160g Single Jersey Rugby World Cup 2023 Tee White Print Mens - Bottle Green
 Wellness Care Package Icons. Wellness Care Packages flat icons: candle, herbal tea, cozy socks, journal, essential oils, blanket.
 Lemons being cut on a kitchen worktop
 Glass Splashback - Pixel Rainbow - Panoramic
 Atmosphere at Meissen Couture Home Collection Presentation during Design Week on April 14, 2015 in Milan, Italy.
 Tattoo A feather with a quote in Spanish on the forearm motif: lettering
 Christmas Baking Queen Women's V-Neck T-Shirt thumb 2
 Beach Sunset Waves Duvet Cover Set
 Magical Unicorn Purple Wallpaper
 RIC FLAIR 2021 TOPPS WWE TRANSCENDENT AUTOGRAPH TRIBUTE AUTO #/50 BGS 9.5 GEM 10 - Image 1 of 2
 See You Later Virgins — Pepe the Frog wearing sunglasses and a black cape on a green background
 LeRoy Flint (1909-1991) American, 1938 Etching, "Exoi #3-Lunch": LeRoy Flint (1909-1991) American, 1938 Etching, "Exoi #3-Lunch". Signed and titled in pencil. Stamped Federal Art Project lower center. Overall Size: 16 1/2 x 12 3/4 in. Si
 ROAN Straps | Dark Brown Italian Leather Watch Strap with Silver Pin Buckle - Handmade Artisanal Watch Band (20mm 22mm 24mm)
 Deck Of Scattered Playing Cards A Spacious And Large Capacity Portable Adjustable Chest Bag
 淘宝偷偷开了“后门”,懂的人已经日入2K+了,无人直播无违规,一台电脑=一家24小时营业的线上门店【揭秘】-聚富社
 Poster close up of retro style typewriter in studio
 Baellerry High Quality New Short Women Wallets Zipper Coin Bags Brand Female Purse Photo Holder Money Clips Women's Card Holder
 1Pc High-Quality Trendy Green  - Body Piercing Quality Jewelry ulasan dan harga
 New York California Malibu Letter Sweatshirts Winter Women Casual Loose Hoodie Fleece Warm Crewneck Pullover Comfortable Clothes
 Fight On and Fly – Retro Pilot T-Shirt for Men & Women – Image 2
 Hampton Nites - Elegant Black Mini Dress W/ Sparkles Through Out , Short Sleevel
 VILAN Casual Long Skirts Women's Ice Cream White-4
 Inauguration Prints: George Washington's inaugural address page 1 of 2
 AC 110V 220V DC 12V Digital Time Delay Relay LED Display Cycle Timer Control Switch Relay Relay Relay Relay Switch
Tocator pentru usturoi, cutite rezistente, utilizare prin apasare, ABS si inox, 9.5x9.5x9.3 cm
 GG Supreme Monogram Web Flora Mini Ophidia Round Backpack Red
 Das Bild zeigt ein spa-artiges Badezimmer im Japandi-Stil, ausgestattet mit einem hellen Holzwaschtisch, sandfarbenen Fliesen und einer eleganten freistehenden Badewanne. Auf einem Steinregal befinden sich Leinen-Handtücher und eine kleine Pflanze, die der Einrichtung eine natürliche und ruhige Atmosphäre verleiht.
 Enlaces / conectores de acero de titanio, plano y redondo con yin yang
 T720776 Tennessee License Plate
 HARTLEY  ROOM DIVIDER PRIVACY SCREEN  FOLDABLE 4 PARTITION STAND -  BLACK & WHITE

════════════════

#### WORK ITEM:
The lines above from the one containing "12 3/4 in. Si" through the one containing "GG Supreme Monogram" are to be set down exactly, and no others.

#### EXERCISE RESPONSE:
 LeRoy Flint (1909-1991) American, 1938 Etching, "Exoi #3-Lunch": LeRoy Flint (1909-1991) American, 1938 Etching, "Exoi #3-Lunch". Signed and titled in pencil. Stamped Federal Art Project lower center. Overall Size: 16 1/2 x 12 3/4 in. Si
 ROAN Straps | Dark Brown Italian Leather Watch Strap with Silver Pin Buckle - Handmade Artisanal Watch Band (20mm 22mm 24mm)
 Deck Of Scattered Playing Cards A Spacious And Large Capacity Portable Adjustable Chest Bag
 淘宝偷偷开了“后门”,懂的人已经日入2K+了,无人直播无违规,一台电脑=一家24小时营业的线上门店【揭秘】-聚富社
 Poster close up of retro style typewriter in studio
 Baellerry High Quality New Short Women Wallets Zipper Coin Bags Brand Female Purse Photo Holder Money Clips Women's Card Holder
 1Pc High-Quality Trendy Green  - Body Piercing Quality Jewelry ulasan dan harga
 New York California Malibu Letter Sweatshirts Winter Women Casual Loose Hoodie Fleece Warm Crewneck Pullover Comfortable Clothes
 Fight On and Fly – Retro Pilot T-Shirt for Men & Women – Image 2
 Hampton Nites - Elegant Black Mini Dress W/ Sparkles Through Out , Short Sleevel
 VILAN Casual Long Skirts Women's Ice Cream White-4
 Inauguration Prints: George Washington's inaugural address page 1 of 2
 AC 110V 220V DC 12V Digital Time Delay Relay LED Display Cycle Timer Control Switch Relay Relay Relay Relay Switch
Tocator pentru usturoi, cutite rezistente, utilizare prin apasare, ABS si inox, 9.5x9.5x9.3 cm
 GG Supreme Monogram Web Flora Mini Ophidia Round Backpack Red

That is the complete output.